Former world swimmer Danni Miatke says she is “furious” by FINA’s controversial ruling effectively banning trans women from elite competition.
Most important points:
- Miatke said trans women are among the “most marginalized people in the world” and should be supported
- The Commonwealth Games gold medalist said the impact of the decision would last for decades
- Reactions to the ruling have been mixed, with former Olympian Nikki Dryden also speaking out against the ban.
Miatke, who won gold in the 50m butterfly at the 2006 Commonwealth Games in Melbourne, said she rejected the idea that banning trans women was about prioritizing “fairness” over “inclusion”.
“This is not about fairness, because fairness is inclusiveness,” she told ABC Sport.
“We’re not just talking about Australia’s, but the world’s most marginalized people. We should do everything we can to uplift and support them.”
Miatke, who identifies as a member of the LGBTQI+ community, said she was also disappointed that Dolphin Captain Cate Campbell had spoken publicly in support of the ban.
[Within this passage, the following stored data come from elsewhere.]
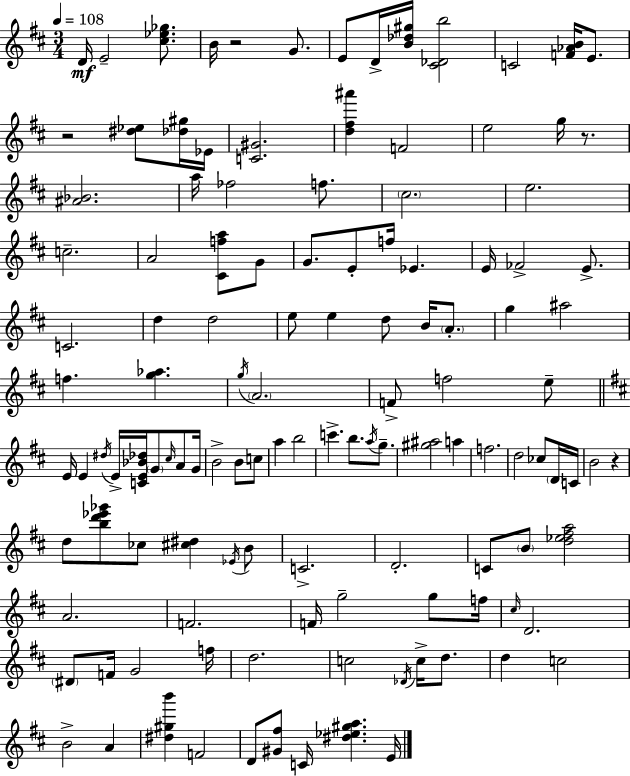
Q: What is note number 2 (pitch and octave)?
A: E4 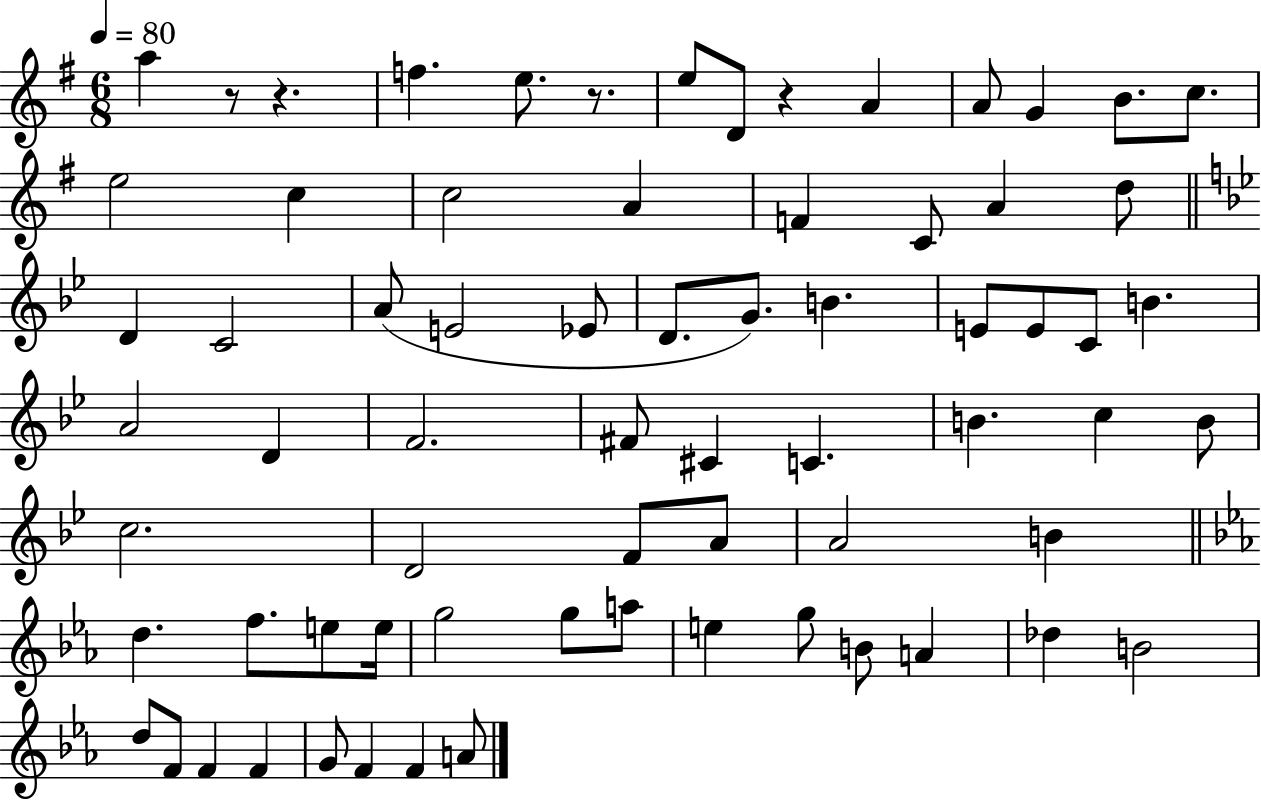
X:1
T:Untitled
M:6/8
L:1/4
K:G
a z/2 z f e/2 z/2 e/2 D/2 z A A/2 G B/2 c/2 e2 c c2 A F C/2 A d/2 D C2 A/2 E2 _E/2 D/2 G/2 B E/2 E/2 C/2 B A2 D F2 ^F/2 ^C C B c B/2 c2 D2 F/2 A/2 A2 B d f/2 e/2 e/4 g2 g/2 a/2 e g/2 B/2 A _d B2 d/2 F/2 F F G/2 F F A/2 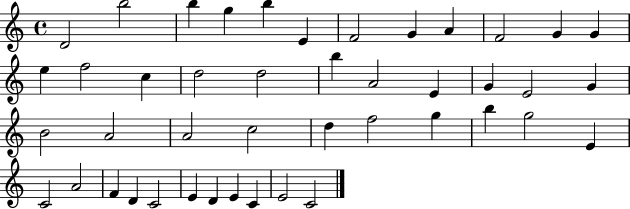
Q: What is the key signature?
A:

“I understand the difficult position Cate is in, as a media personality and as someone who was asked to testify for FINA,” she said.
“But athletes are the pillars of Australian communities when it comes to setting the moral standard of what we will accept.
Miatke, who now works as a pharmacist at a Melbourne hospital, added that it was only after her retirement that she had come to understand the crucial role sport plays in shaping social norms.
“I’ll be very honest, I didn’t have this perspective when I was an athlete,” said the 34-year-old.
“They teach you to be very selfish because how else can you justify spending 60 hours a week in a pool?
“But I think if you’re going to comment… [on an issue like this]you need to educate yourself about the impact of those decisions that go beyond you as an individual.”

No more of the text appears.